Healthcare Stocks for AI and Big Data: Health Catalyst (HCAT)
Remember when electronic records were going to be the end of the doctor-patient relationship? The reality is that the demand for digital records has disrupted few industries as much as the healthcare industry. And Health Catalyst (NASDAQ:HCAT) stands out in the growing, competitive field of Healthcare Information Technology (HIT). Grand View Research predicts that the digital healthcare market will grow to $509.2 billion by 2025 at a CAGR of 27%.

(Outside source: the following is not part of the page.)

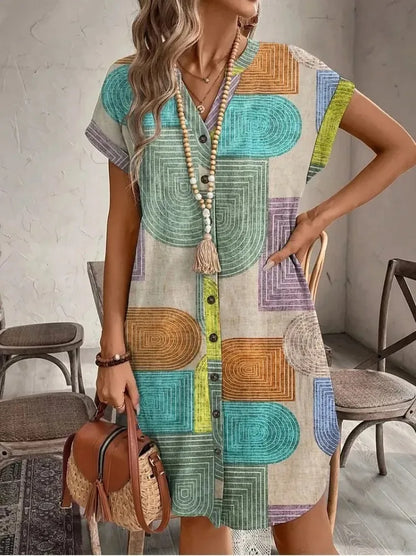 Multicolor geometric print dress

One of the most pressing concerns for the healthcare industry is the ability to lower costs through increased efficiency. And one of the largest areas of waste is in the area of data collection. Health Catalyst provides an enterprise AI solution that gathers different, and in many cases, archaic data collections then converts them into a “big data” set in their cloud-based Data Operating System (DOS) for the purpose of using machine learning to make sense of the data.
Since transitioning to a subscription contracting model in 2016, Health Catalyst has built a solid base of 90% recurring revenue and has never lost an all-access customer.
Teladoc Health (TDOC)
Teladoc Health (NYSE:TDOC) has been one of the most referenced stocks during the coronavirus-imposed social distancing taking place throughout the world. The company is not profitable, but the recent crisis is opening the door. The Trump administration has authorized an expansion of services like the kind provided by Teladoc and other companies.
The principle behind Teladoc is simple enough. Doctors and patients can connect in a digital setting. The patient doesn’t have to leave their home. And if the patient is ill, there’s no risk of spreading a virus in a doctor’s office. The state of Washington is even moving to allow doctors to treat patients voluntarily even if they are not licensed in the state (they must be licensed elsewhere).
Currently 260 doctors have volunteered. However, this stock is far from a sure thing. The vetting process will take months. And then getting licensed can is still a lengthy, and expensive, venture. But as of March 20, TDOC stock was up 70% year to date.
Globus Medical (GMED)
One of the ways AI is being used is in the area of robotic surgery. That, and an increased understanding of spinal health, are two reasons to look at Globus Medical (NYSE:GMED). The company is on the forefront of robotic-assisted, minimally invasive spinal procedures.
However, the company is expecting to lose some sales as many patients opt to postpone elective procedures in the wake of the coronavirus outbreak. But any investment in healthcare technology is a long-term play, and GMED is no different.
The stock is down nearly 30% since reaching its all-time high in December 2019. However, as of this writing, it looks like GMED is finding support around $40. If that holds, the stock could have a significant upside. Analysts are giving the stock a price target of $61.
Ryan Zimmerman of the firm BTIG cites GMED’s strong balance sheet that includes $721 million in cash, no debt and recent board approval for a share buyback of $200 million which should cushion the company through the current market turbulence.
As of this writing, Chris Markoch did not hold a position in any of the aforementioned securities.